During the course of the trial for the annulment or declaration of nullity of marriages, how can the rights of the spouses and their children as to support, visitation rights, etc. be ensured?

Article 49 provides that during the pendency of the action and in the absence of adequate provisions in a written agreement between the spouses, the Court must provide for the support of the spouses and the custody and support of their common children. The Court must give paramount consideration to the moral and material welfare of the children and their choice of the parent with whom they wish to remain under Title IX. It must also provide for appropriate visitation rights of the other parent.

What are the things to be decided upon by the Court in cases of annulment or declaration of nullity?

Article 50 provides that the final judgment of the Court must provide for the liquidation, partition and distribution of the properties of the spouses, the custody and support of the common children, and the delivery of their presumptive legitimes, unless such matters had been decided upon in previous judicial proceedings. All creditors of the spouses as well as of the absolute community or the conjugal partnership must be notified of the proceedings for liquidation.

How can the rights of the children be guaranteed?

Article 51 provides that in the partition, the value of the presumptive legitimes of all common children, computed as of the date of the final judgment of the trial court, must be delivered in cash, property or sound securities, unless the parties, by mutual agreement judicially approved, had already provided for such matters. The children or their guardian or the trustee of their property may ask for the enforcement of the judgment.

Does this mean that the children will no longer inherit from their parents later on?

No, the delivery of the presumptive legitimes will not prejudice the ultimate successional rights of the children accruing upon the death of either of both of the parents. But the value of the properties already received under the decree of annulment or absolute nullity will be considered as advances on their legitime. (In simpler terms, the children will still inherit from their parents later on, minus what they have already received as their presumptive legitime.)

What are required to be done with the judgment, partition, etc.?

The judgment of annulment or of absolute nullity of the marriage, the partition and distribution of the properties of the spouses, and the delivery of the children's presumptive legitimes must be recorded in the appropriate civil registry and registries of property; otherwise, it will not affect third persons.

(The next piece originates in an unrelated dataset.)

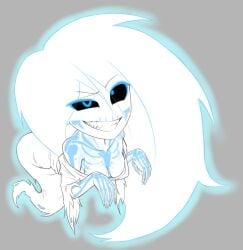 bone boob_window breasts_peeking_out_of_shirt chinese_mythology ghost ghost_girl itzal jttw_(osp) overly_sarcastic_productions skeleton smile suggestive white_bone_spirit white_bone_spirit_(osp)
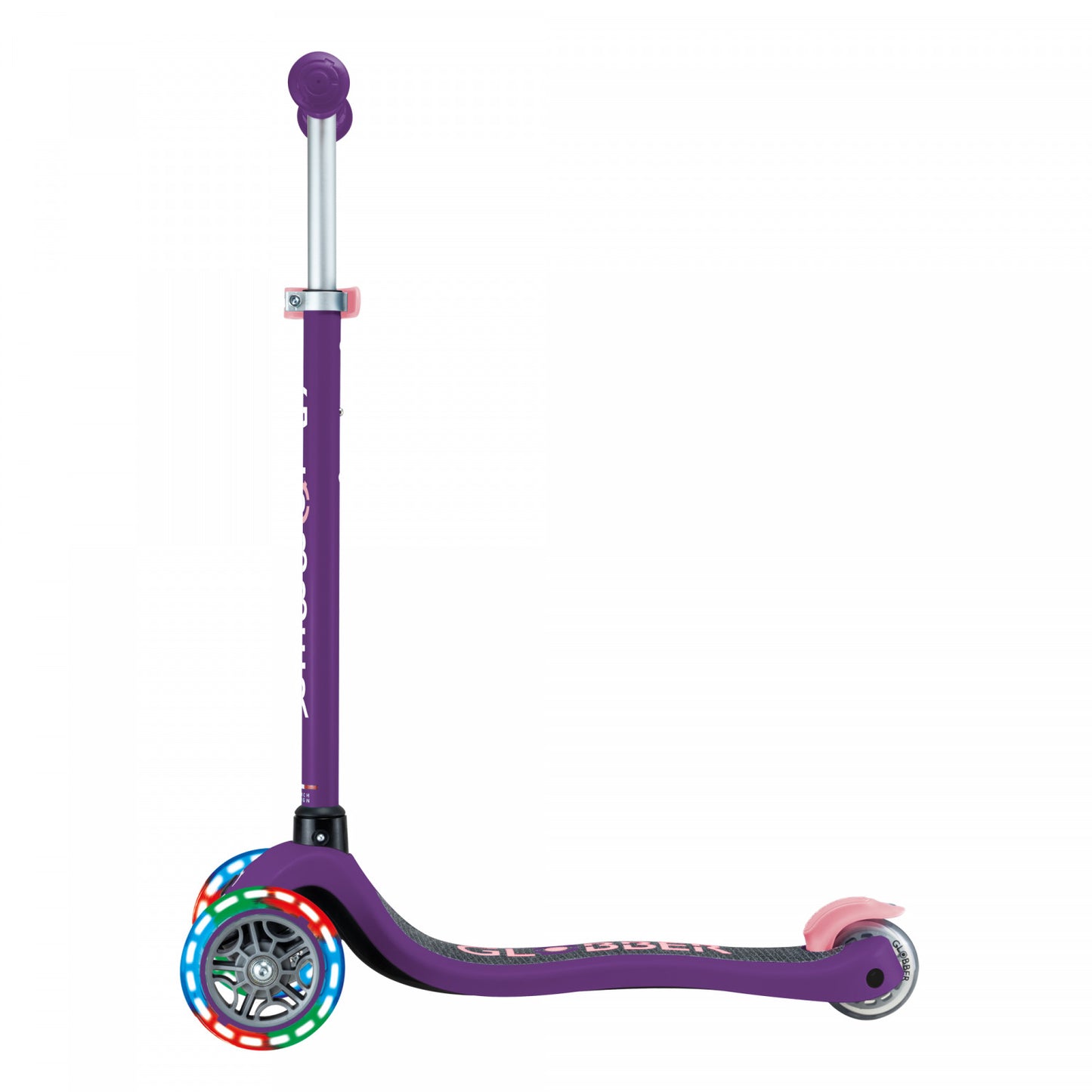 Globber Scooter V2 Lights Purple/Pink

When can the former spouses get married again to other persons?

Article 53 provides that either of the former spouses may marry again after complying with the requirements of Article 52; otherwise, the subsequent marriage will be void.

What is the status of the children in these cases?

Article 54 provides that children conceived or born before the judgment of annulment or absolute nullity of the marriage under Article 36 has become final and executory are legitimate. Children conceived or born of the subsequent marriage under Article 53 are also legitimate.

Related posts:

1. If husband and wife have not seen each other for more than seven years, does it mean their marriage is already void?

2. If a person gets married while his petition for declaration of nullity of his first marriage is ongoing, can he be charged with bigamy?

3. Quickie marriages under Article 34 of the Family Code: Is the marriage void if the affidavit of marital cohabitation is false?

4. Legal lessons from the Kris Aquino - James Yap breakup: legal separation, annulment, declaration of nullity, essential and formal requisites of marriage

5. Irreconcilable differences not a ground for declaring a marriage null and void

6. When a man is married to or living in with several women successively or simultaneously, who has the right to inherit from him?

7. Family Code of the Philippines: Primer on marriage


Anonymous said...

Dear Atty,

My marriage to my husband is void from the very beginning since this is his 2nd marriage already. I have the necessary authenticated documents from NSO to prove this. My problem is the money to get a lawyer so I decided to seek for a public lawyer. But I know I still have to pay some money for this. Atty., how much will it cost me so I can prepare? Please help me.. Thank you...

Atty. Galacio said...
This comment has been removed by a blog administrator.
Anonymous said...

pls help me,my kids are 7 and 6 years of age,but my former husband wont allow me to be with them?what rights do i have?pls reply soon...thanks

Atty. Gerry T. Galacio said...

Under Article 213 of the Family Code, children below seven years of age cannot be separated from the mother. However, in custody disputes, the courts will determine the fitness of one parent over another, on the basis of the paramount interest and welfare of the children.

Anonymous said...

good day attorney;
is the marriage considered void if we are already separated for more than 8 yrs already???
and that there is no support and communication ever since??? do i still need to undergo the annulment process or is it already automatic?? pls help me.. thanks....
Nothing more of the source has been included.